Media magnate, Rupert Murdoch, has been forthright about his desire to make people pay for access to his news websites. But has he found the solution?

Second-year Journalism student, Alan Robertson, of Strathclyde University, takes a look at the media stories making it into the pages of today’s papers….

Charging for journalism online looks set to become a reality with Microsoft and Rupert Murdoch of News Corporation entering talks that could see the technology group pay for exclusive rights to content from his newspapers.

The move would see stories from News Corp publications, such as the Times and the Sun, appearing on Microsoft’s search engine, Bing, while removing search results from rival, Google.

Murdoch Turns to Gates for Website Help’, reports The Independent (page 18), while business columnist, David Prosser, adds that the deal could be ‘a win-win’ for both parties (page 35). The story also crops up in the business pages of The Daily Telegraph (Business, page 8) where James Murdoch, News Corp’s head of Europe and Asia, is quoted from last week, saying: “We invest quite a lot in our journalism and we are proud of it. We think we should charge a fair price for it.”

The Guardian (page 25) says that the talks are at ‘an embryonic stage’ and are part of Murdoch’s wider vision to establish new revenue streams online and prevent “what he sees as theft of his content by large web companies such as Google”. As part of this vision, several News International titles, including The Times, will have paywalls in place by next Spring.

The Scotsman (Business, page 8), meanwhile, quotes Elisa Dashwood, account director at Edinburgh-based internet marketing agency, Ambergreen, who says: “Murdoch has laid out a blueprint for how to kick Google in the teeth. All it would take is for someone like Daily Mail & General Press or Trinity Mirror to follow suit and, all of a sudden, Google will be asking what’s going on.”

Elsewhere, another of News International titles, the News of the World, makes it into the pages of today’s papers after a former reporter was awarded almost £800,000 for unfair dismissal and disability discrimination.
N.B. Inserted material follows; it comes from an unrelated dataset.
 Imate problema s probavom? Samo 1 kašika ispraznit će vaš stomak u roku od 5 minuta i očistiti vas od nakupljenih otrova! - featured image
Matt Driscoll, a sports reporter sacked in April two years ago, received what is believed to be the highest payout of its kind in the media for alleged bullying, The Guardian (page 2) reports.
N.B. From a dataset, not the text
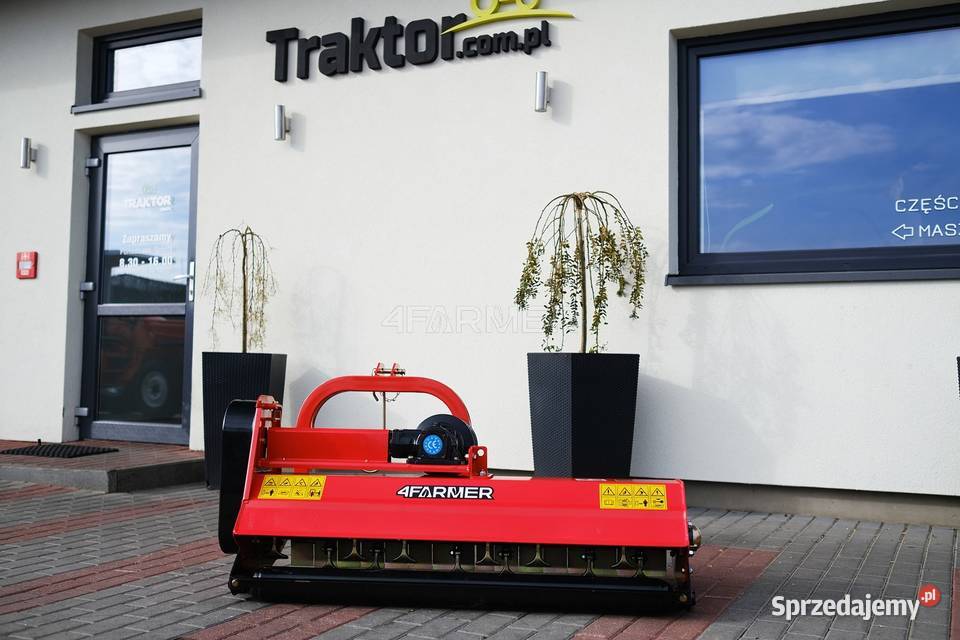 Kosiarka bijakowa FLM 130 z przesuwem manualnym Tajęcina sprzedam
The BBC has come under fire once again, this time by the Taxpayers' Alliance for spending £153,500 giving away trees and vegetable seeds. The handouts are part of a campaign to encourage people to do more for the environment, yet the Alliance has condemned the Corporation for using license fees as if they were “a bottomless pit of cash”, the Daily Telegraph (page 13) says.

And The Herald (page 13) reports that ten journalists were among at least 21 people murdered in the southern Philippines yesterday after an election convoy was ambushed by dozens of gunmen. More recent reports from Reporters Without Borders suggest the number of journalists killed is at least 12, while adding: “Never in the history of journalism have the news media suffered such a heavy loss of life in one day.”

Other media stories:

* The remains of British journalist, Alec Collett, who was kidnapped in 1985, have been found in Bekaa Valley, Lebanon -The Times (page 40), The Herald (page 13), The Guardian (page 13).
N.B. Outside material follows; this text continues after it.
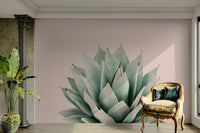 Green agave plant sharp leaf photo GD289

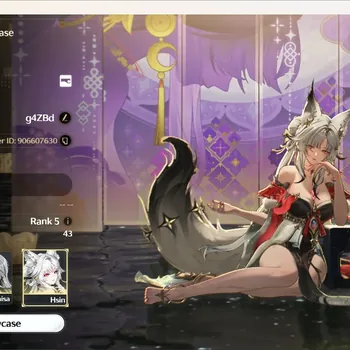 Wuthering Waves Accounts Starter SEA|UL 43|Rank 5|3 Char Limited [Hsin,Shorekeeper]+Sign,Chisa|Mc Female|Check SS WW508B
* Broadcasting regulator, Ofcom, has cleared X Factor judge, Dannii Minogue, after 4000 complaints were made over alleged homophobic remarks – Daily Record (page 3).

* The Scotsman’s 'Under the Radar' column, devoted to new music, has been shortlisted for a prestigious award honouring the best in music journalism and PR across the UK – The Scotsman (page 3).

* X Factor twins, John and Edward Grimes, look set to profit despite their departure from this year’s programme with industry experts estimating that the two could make as much as £2 million over the next year – The Times (page 9).